_TASK DETAILS_
Search the listing below for the line with "5W Lampada da", then write out that line and every one after it exactly, without the pictures.

_SUPPLIED INFORMATION_
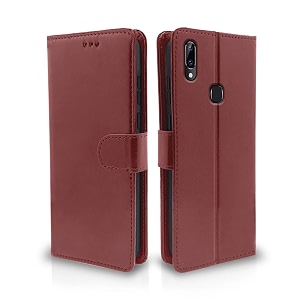 pikkme vivo y83 pro flip cover leather finish  inside tpu with card pockets  wallet stand and shock proof  magnetic closing  complete protection flip case brown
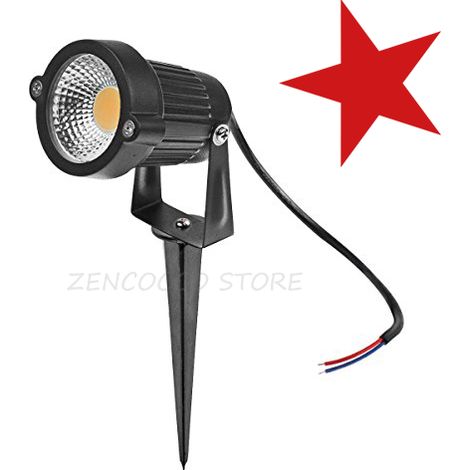 5W Lampada da Giardino Faretto COB LED 500lm con Picchetto IP65  verde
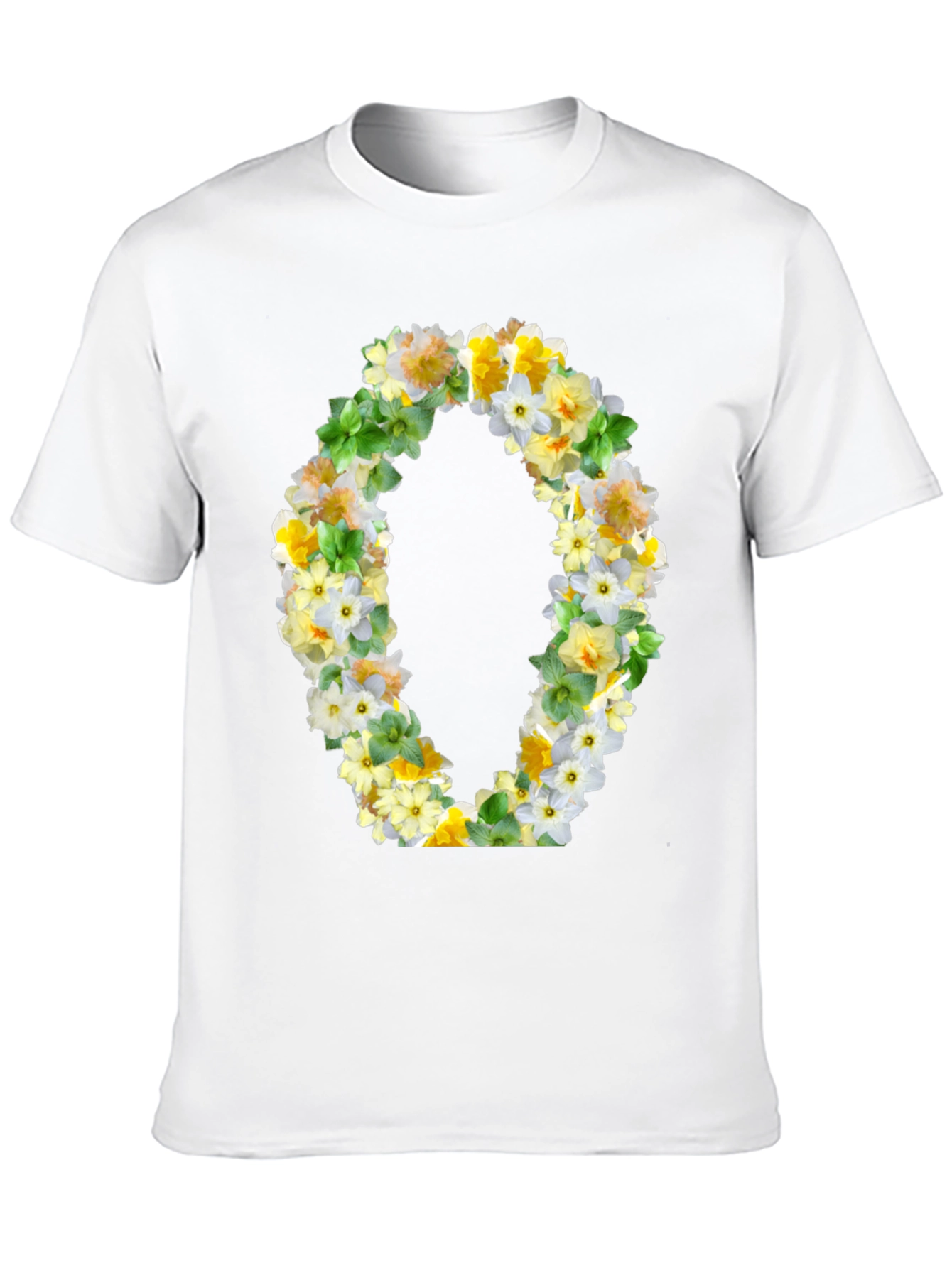 Floral O T-Shirt - Stylish Botanical Letter Tee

_TASK RESULT_
 5W Lampada da Giardino Faretto COB LED 500lm con Picchetto IP65  verde
 Floral O T-Shirt - Stylish Botanical Letter Tee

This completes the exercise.